A violência sofrida pelo acervo nos prédios da Praça dos Três Poderes também representa uma oportunidade de repensar o que estamos fazendo, enquanto povo brasileiro, da representação artística da nossa própria história. “É uma chance de

revisarmos os modos como esse acervo foi constituído, de onde vieram as peças, quem fez a doação, as relações que resultam na presença de um trabalho em um acervo. Todo um sistema de documentação desencadeando uma complexa

investigação a partir também das ausências. Há uma série de saberes que podem ser acionados em uma complexidade crescente. Quem rouba, danifica, vandaliza uma obra de arte faz isso com a nossa história, com o que poderíamos saber da nossa própria cultura”, analisa Villa.

Na opinião do pesquisador, as ações em Brasília do último domingo apresentam a intenção pura e simples da destruição. “Baseada na necessidade de mostrar que aquele símbolo, aquela instituição e tudo o que representam, não deveriam existir”.

Os ataques às obras de arte também podem ser entendidos como atos motivados por um “recalque”, continua. “É um ataque ao outro, ao o que ele produz e entende como interessante, seus símbolos, seus locais de sacralização de valores. Há uma mensagem de que aquele valor tem que ser destruído para ser sobreposto por outros”.

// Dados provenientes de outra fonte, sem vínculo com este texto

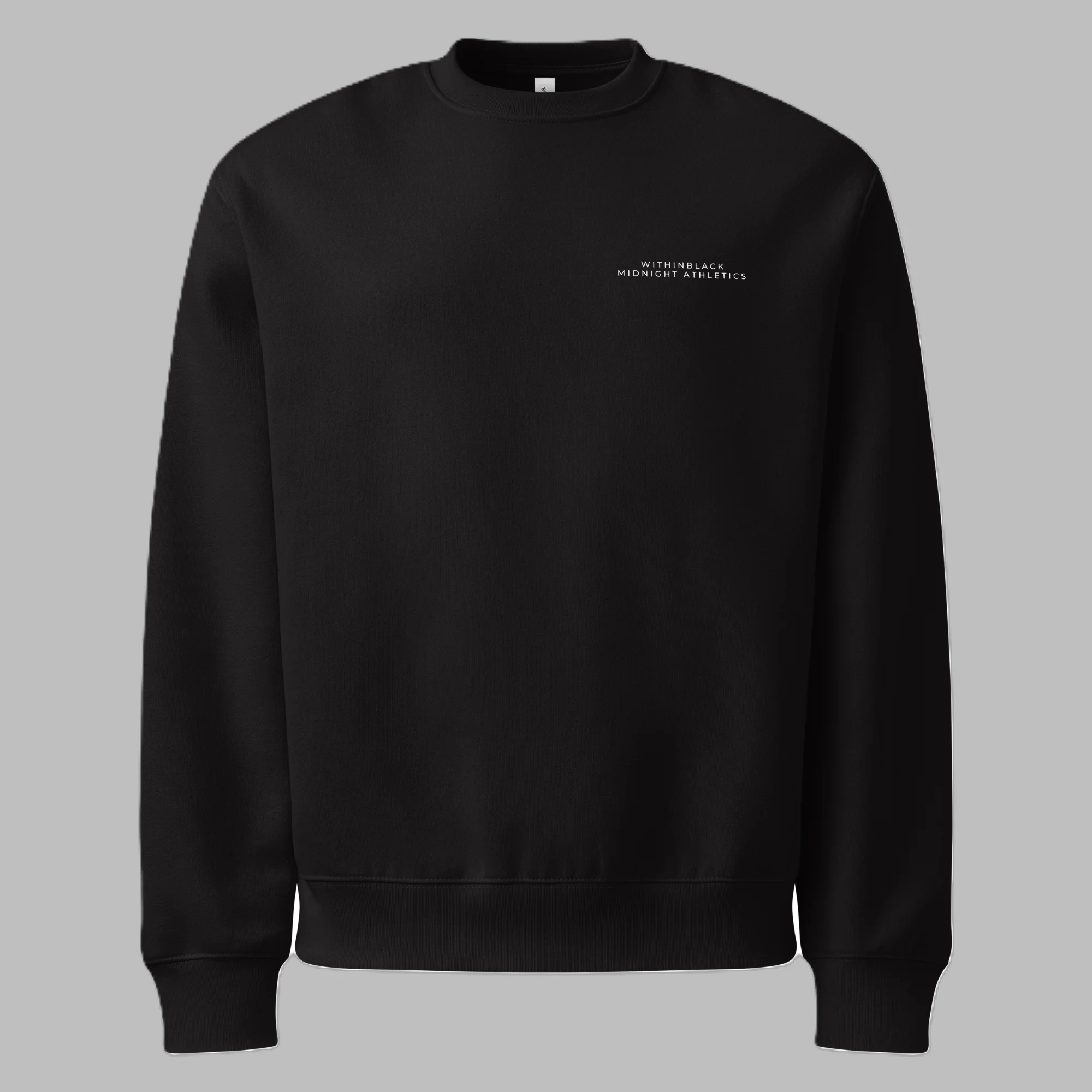 Front flat lay view of a solid black crewneck sweatshirt against a grey background, featuring minimalist white text on the left chest reading 'WITHINBLACK MIDNIGHT ATHLETICS'.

Tentar destruir uma expressão artística, faz todo sentido quando se compreende que a arte é uma ameaça porque abre possibilidades de expressão e reflexão, sobre motivações individuais, de um grupo, de um momento histórico. “A arte, a cultura de uma maneira geral, representa, deixa registros e vestígios dos nossos anseios mais íntimos, da maneira como nos relacionamos com o mundo, com o próximo, com o nosso corpo e amores”, comenta e sugere que o acontecido possa abrir a possibilidade para uma renovação do próprio acervo artístico dos Três Poderes. “Sem querer minimizar a gravidade dos acontecimentos, há uma chance de abrirmos para a produção contemporânea, pensando que aquele espaço é uma vitrine e pode mostrar o que estamos vivendo agora. Quando uma obra é fixada em uma parede, o espaço ganha

aspectos de museu, e por isso mesmo, existe a necessidades de uma revisão permanente que inclua o que as pessoas estão pensando e vivendo assim como os ideais pelos quais estão lutando. O que aconteceu em Brasília foi muito danoso, mas abre para uma discussão ampla de como lidamos com a arte no Brasil. Uma chance de revermos como observarmos, cuidamos e tratamos a nossa história", diz.